Last week, a report by the House of Lords economic affairs committee concluded that high net immigration has had little effect on income per head in the resident population - in fact, benefitting the population by just 58p a week. The report also said that ministers should limit the number of workers entering from outside the EU.
My family moved to Britain in 1973, four years after President Shermarke was assassinated in a military coup. In my family's case, the streets of Britain were paved with gold. We came from a former British colony and my parents wanted us to have a British education and upbringing. We were not political refugees: this was 18 years before the country's civil war. Britain became my home. I was educated at Cheltenham College and New College, Oxford - both privileged institutions - which gave me a sense of confidence that I could integrate and feel British. I was very fortunate.

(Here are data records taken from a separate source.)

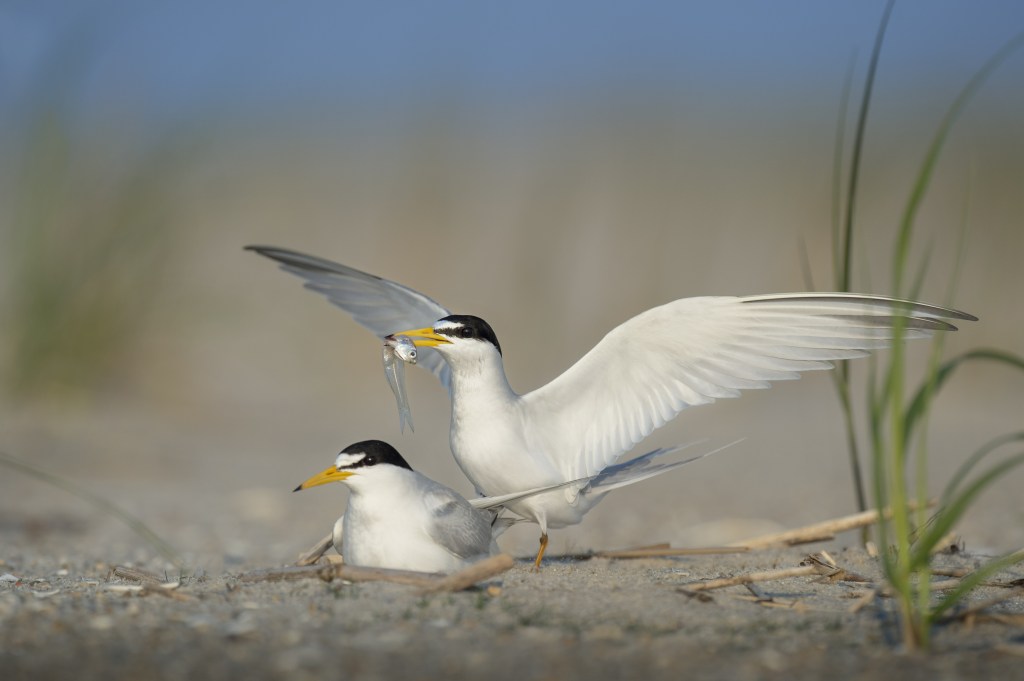 Two white shorebirds with black caps on the beach. One has a fish in it's beak.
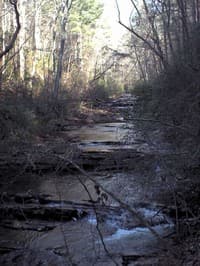 Long Swamp Creek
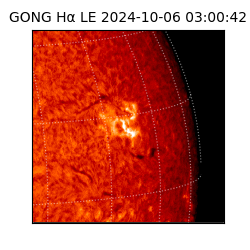 gong - 2024-10-06T03:00:42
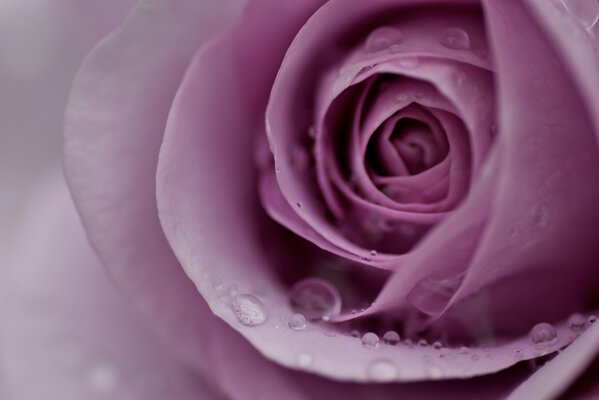 Bouton de rose lilas délicat dans des gouttes de rosée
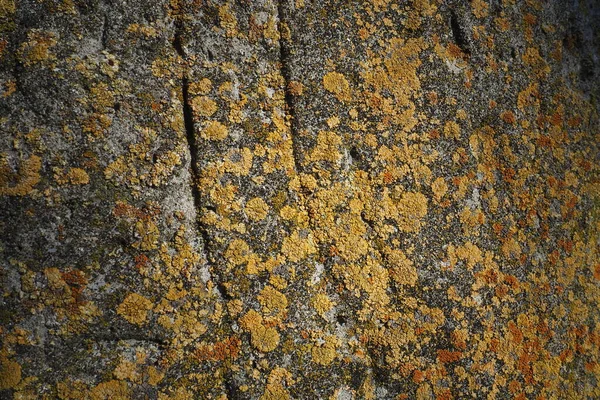 Lichen Rouge Orange Jaune Brun Couvre Surface Écorce Noyer Gros — Photo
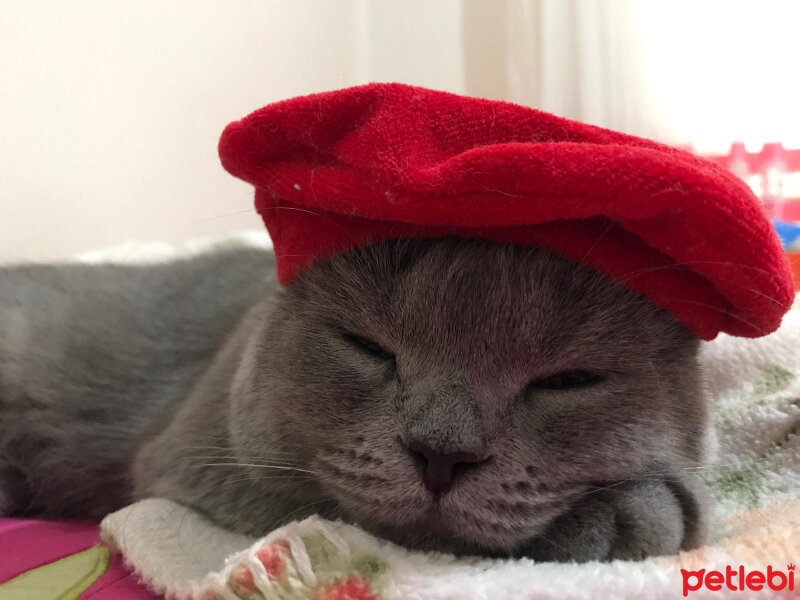 British Shorthair, Kedi  KARMEN fotoğrafı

But my parents also stressed my Somali heritage and identity. We spoke Somali at home, ate Somali food and went there in the holidays. This gave me a pride in my roots and a confidence to get on with people from all backgrounds.
It was people like me whom the London dockers were objecting to in the Seventies when they marched from the East End to the Palace of Westminster carrying placards saying 'Back Britain, not Black Britain'. It was my family that the factory workers and Smithfield meat porters were striking against when they supported Powell.
So now, 40 years after his incendiary speech, I have travelled around Britain for a Channel 4 Dispatches documentary - Immigration: The Inconvenient Truth - to find out the real legacy of his words, and the state of race relations today. What I discovered was a complex, sometimes confused, but nonetheless compelling glimpse of a society under the most extraordinary strain it has ever faced outside wartime. And my investigation led me to the most troubling question of all: Was Enoch Powell right?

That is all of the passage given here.